Councillor Oxley, 41, replaces Geoffrey Theobald, who has been a leading Tory in Brighton for more than 30 years. He is a very different politician.

While Coun Theobald came from a deeply political family - both he and his father were mayors of Brighton - Coun Oxley is a comparative newcomer.

He moved to Brighton and Hove from Derby in 1989 and stayed.

Coun Oxley became a Conservative as a teenager in 1974. He felt it was wrong that union power should bring down Ted Heath's Tory Government in the first of two general elections that year.

He became an enthusiastic follower of Margaret Thatcher when she became party leader and now thinks Michael Portillo is the best of the current crop of contenders for the leadership.

Like Mr Portillo, he believes in "compassionate Conservatism". Coun Oxley explains it by wanting to help beggars in Brighton and Hove at the same time as moving them off the streets.

His life is steeped in politics. He works at Westminster for Arundel and South Downs MP Howard Flight.

During the late afternoons, evenings and at weekends he spends between 50 and 60 hours a week on council activities.

After being elected to the old Hove Council for Westbourne ward in 1995, he joined Brighton and Hove Council when it was formed and quickly became joint deputy leader.

His diligent ward work sometimes brings forth wry comments from colleagues, who note that he leaves no paving stone unturned in Westbourne.

Coun Oxley constantly raises issues such as graffiti on junction boxes, traffic problems, the state of trees and cracked pavements.

He makes no apologies for doing so, saying: "Residents want to see the basics done properly."

But it pays off. Westbourne is the only seafront ward in Brighton and Hove to have remained solidly Tory until you get to prosperous Rottingdean.
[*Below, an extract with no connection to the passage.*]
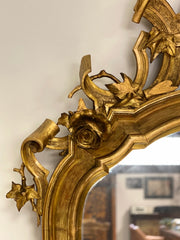 Specchiera in legno intagliato e dorato. Lombardia primo 800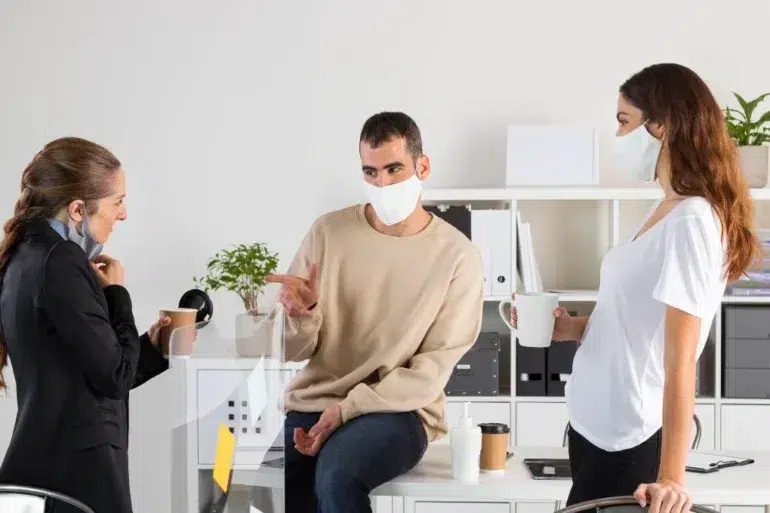 Three people wearing masks engage in conversation in an office. One sits on a desk, gesturing. Two others stand with coffee, promoting a relaxed atmosphere.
He stood for Parliament in 1987 in an unwinnable Sheffield seat but reduced the Labour majority and came close to being selected to fight Hove in 1997.

In the little spare time available, Coun Oxley listens to music, keeps fit and goes for long walks by the sea.
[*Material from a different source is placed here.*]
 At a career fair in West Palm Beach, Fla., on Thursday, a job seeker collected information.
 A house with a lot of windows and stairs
Determined and confident about victory in the next local elections, he said: "I hope to lead an inclusive administration that will govern in the interests of everyone, no matter what walk of life."
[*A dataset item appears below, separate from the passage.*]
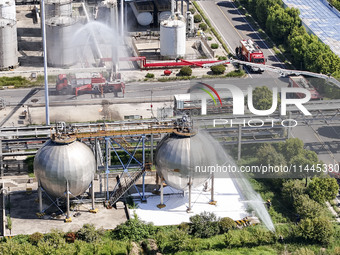 Firefighters are performing a rescue drill at a chemical plant amid high temperatures in Huai'an, China, on July 31, 2024. (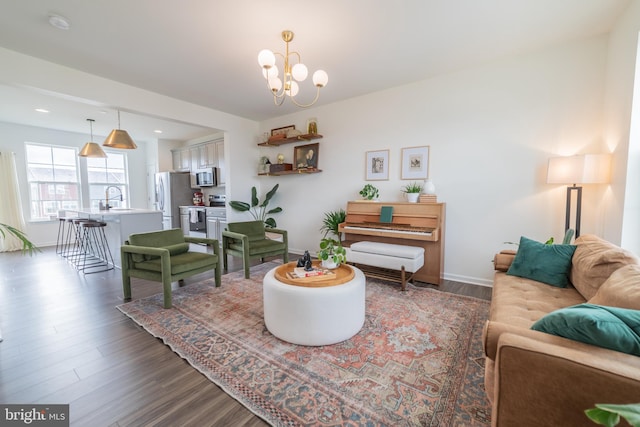 30 Kirby Ct, Bunker Hill, WV 25413 - living area with dark wood finished floors, a chandelier, baseboards, and recessed lighting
On the issue for a directly-elected mayor, Coun Oxley will campaign for a No vote in the October referendum.

He hopes the council will revert to what he considers a more democratic system of large-scale committees rather than the present Cabinet model.

He is scathing about the current Labour administration, saying it has had three leaders in three years and faces severe financial pressures, especially in social care.

He says while council tax soars every year, services decline and the streets are full of rubbish following the failure of the Sita contract.

As much as he loves the city, he feels the prevailing image is of a split bin bag spilling its unsavoury contents.

Coun Oxley said: "Labour said it wanted to build a socialist city by the sea but it has made it scruffy. I want us to build a shining city by the sea.

"Labour has had a long time in Brighton and Hove but it is still in trouble. It keeps changing its leaders but the problems remain."

Amid the gloom of election defeats, he saw rays of light in Tory local government victories, not least the wresting of control from a Lib Dem/Labour coalition on East Sussex County Council.

Ineffably polite and serious in demeanour, Brian Oxley could be underestimated by those who like their politicians glitzy and glamorous.

He has a quiet determination that has brought him to the top of the Tory tree while still politically young. When he says the Conservatives are in a position to win, he means it.